Creating fast, Examine indexable widgetized Umbraco websites (Part 2)

Previously I outlined how widget based Umbraco sites allow for greater content reuse and more page layout flexibility. When using this approach however there are topics that require a little more care from the developer in order to keep Umbraco working as well as it does normally.

Search

Search functionality in Umbraco is achieved using Examine, a wrapper around Lucene. Examine works by indexing content from the data saved in the umbraco nodes; this is different to how Google will index a site as Google scrapes the markup on the page itself. What this means is that when using a widget based site the results you get back from the Examine searcher may not be what you are expecting.

This is because the content defined in the widgets is not saved in the page’s node but is only referenced. In order to get Examine to index all the content that gets displayed on the page we have to do a little bit of work.

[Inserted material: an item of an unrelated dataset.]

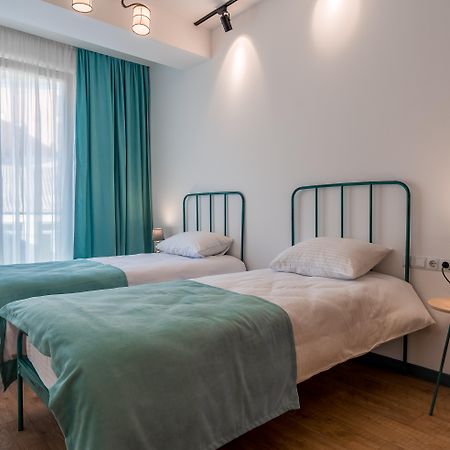 Easy Hotel T'Bilisi Тбилиси Екстериор снимка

Now when I first came across this problem I was stumped and my confused brain concocted a wide range of nasty ways to get the appropriate content indexed for the node. This included schemes such as populating a field in the node with all the content from its children and widgets whenever a node was published. I even thought of indexing the widgets or child pages and redirecting to places where they were included. Luckily I found another way that was both elegant and simple to implement!

Examine is both powerful and extensible and you can add things into the index when Examine is doing its thing. There is an event that Examine raises called GatheringNodeData which fires every time a node is published or a manual reindex is triggered. Below is a simple example on how to use this event to add fields into the index that don't actually exist on the Umbraco nodes. These extra fields can then be used to store the data of some selected child nodes or widgets.

1. Create a class that implements IApplicationEventHandler

2. In the OnApplicationStarting method subscribe to the event raised by Examine when gathering all the data:

ExamineManager.Instance.IndexProviderCollection["{NameOfYourIndexerHere}"].GatheringNodeData += GatheringNodeDataHandler;

3. In that handler you create (GatheringNodeDataHandler(object sender, IndexingNodeDataEventArgs e) in this example)you can add fields to the data saved.

    // All this stuff uses uSiteBuilder, so it’s not suitable for copy and pasting but you can easily see what’s going on.
    // I use my own helper class on top of uSiteBuilder to get nodes so I have strongly typed classes
    var estate= NodeFinder.GetCurrentNode<Estate>();
    if(estate != null)
    {
        var tabs = estate.GetChildNodesOfType<ContentTab>();
        // Get the main content of these tabs as one string
        var mergedTabs = string.Join(“ “, tabs.Select(t => t.MainContent));
        e.Fields.Add("contentTabs", mergedTabs);
    }

4. Set up your index in ExamineIndex.config so that it includes the newly added field.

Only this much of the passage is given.